Change the homescreen grid size
While you are in the area disabling the Brief screen, why not give your homescreen some more real-estate? One thing I don’t get about manufacturers is why they insist on having a 4 x 4 grid size on the homescreen on a device that is 5.5+ inches? Heck, I prefer 5 x 5 even on 5 inch phones. This one is simple as well, as you’ll see a button on the bottom that says “Screen grid”. Just give that a tap and select 5 x 5.
Pick a new theme
With Android Marshmallow, Samsung has updated the look of their user-interface. I personally think it is cleaner and adheres more to Material Design than ever, but it could still use some work. That is why it is so nice that Samsung has including their own theme engine. Back when the S6/S6 edge were released, there wasn’t much to choose from, but that is not the case with the Galaxy S7 and Galaxy S7 edge.
There are many themes out there to satisfy your needs, but my personal favorite is Material Dark. Besides the great aesthetics, it is free whereas some are a couple bucks. To change your theme, all you have to do is go to your settings, scroll down, press theme, and sign into your Samsung account if you haven’t already.

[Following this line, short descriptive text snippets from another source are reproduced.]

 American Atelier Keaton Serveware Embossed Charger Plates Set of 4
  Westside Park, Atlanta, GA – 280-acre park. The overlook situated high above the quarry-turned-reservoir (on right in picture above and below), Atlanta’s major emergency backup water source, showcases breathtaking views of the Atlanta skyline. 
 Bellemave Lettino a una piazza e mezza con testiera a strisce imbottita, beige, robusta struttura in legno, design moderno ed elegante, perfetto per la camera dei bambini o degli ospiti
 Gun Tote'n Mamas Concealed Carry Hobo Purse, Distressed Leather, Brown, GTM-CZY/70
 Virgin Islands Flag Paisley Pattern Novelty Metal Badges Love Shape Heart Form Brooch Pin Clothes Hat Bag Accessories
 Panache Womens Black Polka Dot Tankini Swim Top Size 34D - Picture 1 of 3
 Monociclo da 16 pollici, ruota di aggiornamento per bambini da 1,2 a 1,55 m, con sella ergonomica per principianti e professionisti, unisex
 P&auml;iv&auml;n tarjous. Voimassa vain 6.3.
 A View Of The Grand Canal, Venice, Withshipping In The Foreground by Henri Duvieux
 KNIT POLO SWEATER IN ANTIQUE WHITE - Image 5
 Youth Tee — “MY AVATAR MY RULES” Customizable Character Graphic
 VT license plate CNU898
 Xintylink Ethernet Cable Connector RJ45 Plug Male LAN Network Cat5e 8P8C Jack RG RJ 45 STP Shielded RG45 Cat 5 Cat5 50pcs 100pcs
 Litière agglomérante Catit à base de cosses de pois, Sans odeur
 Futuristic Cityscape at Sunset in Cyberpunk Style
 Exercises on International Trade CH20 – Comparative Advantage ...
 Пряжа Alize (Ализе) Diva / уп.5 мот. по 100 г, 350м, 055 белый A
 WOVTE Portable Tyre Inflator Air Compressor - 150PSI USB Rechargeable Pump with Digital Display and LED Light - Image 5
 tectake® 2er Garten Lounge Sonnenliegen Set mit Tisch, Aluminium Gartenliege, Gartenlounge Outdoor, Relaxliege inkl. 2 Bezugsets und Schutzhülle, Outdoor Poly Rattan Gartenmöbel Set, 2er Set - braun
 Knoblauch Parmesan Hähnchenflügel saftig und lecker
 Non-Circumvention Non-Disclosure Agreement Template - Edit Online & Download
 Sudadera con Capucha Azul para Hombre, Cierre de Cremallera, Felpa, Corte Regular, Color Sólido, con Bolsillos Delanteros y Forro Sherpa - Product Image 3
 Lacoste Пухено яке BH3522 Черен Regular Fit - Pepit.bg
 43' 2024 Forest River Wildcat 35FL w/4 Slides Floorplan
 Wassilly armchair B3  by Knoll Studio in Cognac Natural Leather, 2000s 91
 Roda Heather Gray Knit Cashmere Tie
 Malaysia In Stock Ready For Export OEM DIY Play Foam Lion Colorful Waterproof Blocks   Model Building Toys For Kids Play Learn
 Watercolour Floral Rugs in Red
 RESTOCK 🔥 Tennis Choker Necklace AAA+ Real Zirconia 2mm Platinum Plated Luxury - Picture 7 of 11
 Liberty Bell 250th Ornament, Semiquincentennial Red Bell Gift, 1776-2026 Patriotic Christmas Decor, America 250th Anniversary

Enable embedded battery percentage
Lastly, this is a little trick that can give you battery percentage without taking up precious status bar real estate. This is especially helpful with Samsung devices as they didn’t include the System UI tuner as seen on Nexus devices. That means the only way to have your battery percentage in the status bar is to have it next to the battery. Luckily, using a little trick we learned when the S6/S6 edge came out is that an app can enable it.
On the S6/S6 edge, there was an issue where you wouldn’t be able to see the battery percentage until it was under 70% because it was always white, but that is not the case this time around. When your battery is full, it will show the in black, then eventually turn to white, and when you get real low, it will be red. Just like the Nexus devices. To enable this, go to the Google Play Store and download Battery Percent Enabler.
Once it is installed, just check enable, and restart the device (you may or may not have to). Once it is enabled, you can uninstall the app. If you want to disable, just uncheck it, and restart the device.